画面の上のほうはまだ夜だ。濃い紺色の上に星が散らばり、その下を紫とピンクがにじんだ雲の層が斜めに過ぎていく。地平線の近くでは朱色の光が薄く広がり、木と丘は黒いシルエットとしてだけ残った。水辺と見える場所に小さな明かりがいくつか灯っている。
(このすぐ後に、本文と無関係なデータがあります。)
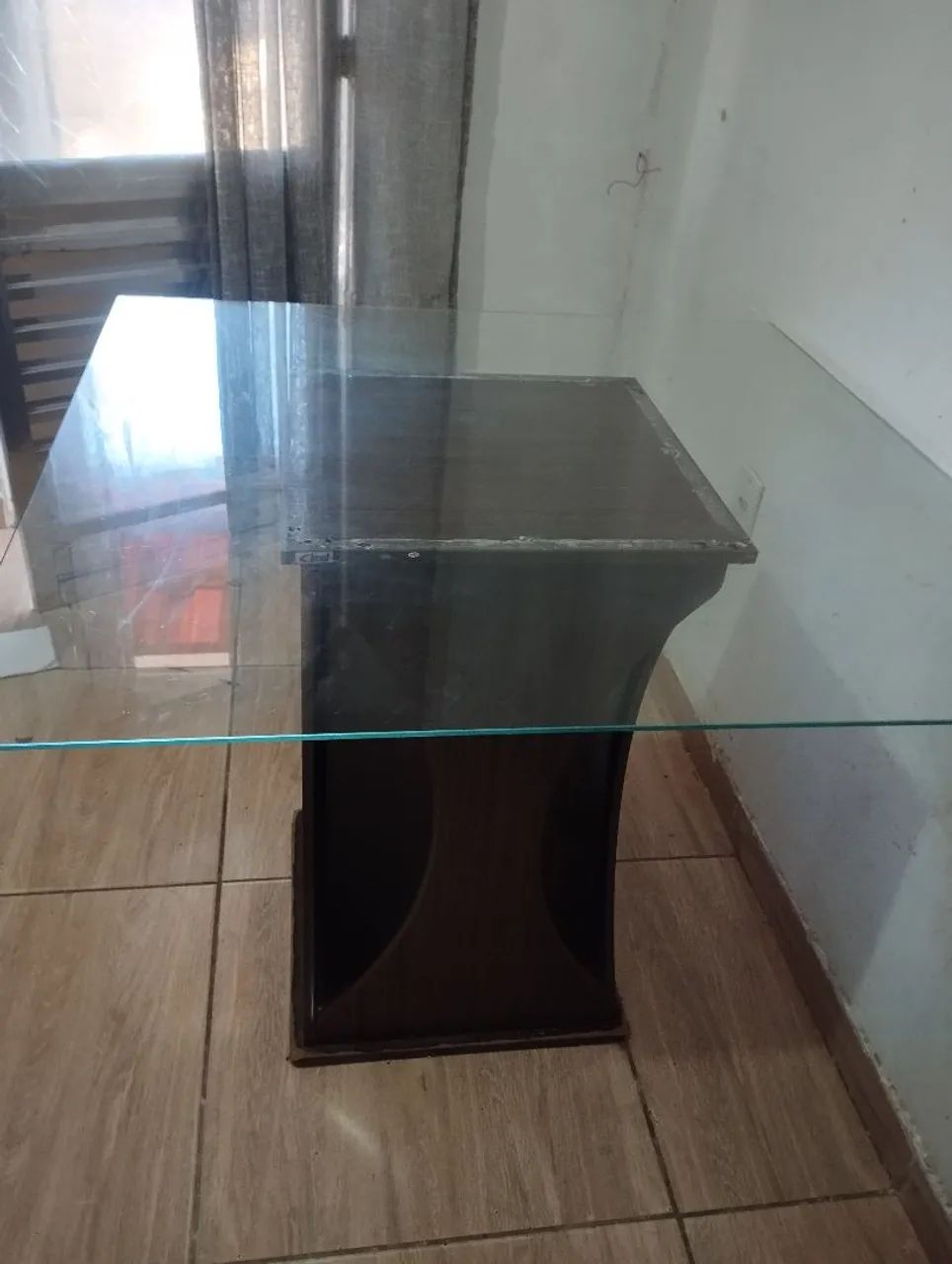 Mesa de centro em vidro e madeira - Foto 4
こうした空は毎日訪れるが、毎日見えるわけではない。都市の照明が明るいほど頭上の星は真っ先に消される。写真の中の星がこれだけ見えるということはそれだけ人工の光が少ないという意味であり、その暗さは空っぽの時間ではない。眠っている鳥や虫、眠っている人の体が使う時間だ。
転換もこの空に似ている。昨日のものが一度に消え、明日のものが一度に灯ることはない。星が残っている間に地平線では朝が始まり、二つの光が一つの画面に一緒に収まる区間が必ずある。今わたしたちが立っている場所がおおむねその区間だ。
二つの光が一緒に見える時間は短い。その間に何を減らし何を灯すかが次の空の色を決める。必要のない明かりを一つ消すこと、灯す電気をどこで作るのかを問い、答えることは、だから小さくない。
画面の下のほうの水辺に下りていくと、土の道が濡れたまま黒くつやめいている。夜の間に降りた露が表面に薄く積もり、遠くに灯った明かりのいくつかを道端まで引き寄せて置いた。空だけを見れば闇と光が上下に分かれているが、足元の湿った土はその二つの光を一度に照り返す。境界は上でだけ引かれるのではない。
写真をもう一度見ると、いちばん明るい場所は依然として空の下のほうだ。上のほうの星はそのままわたしたちの分として残っている。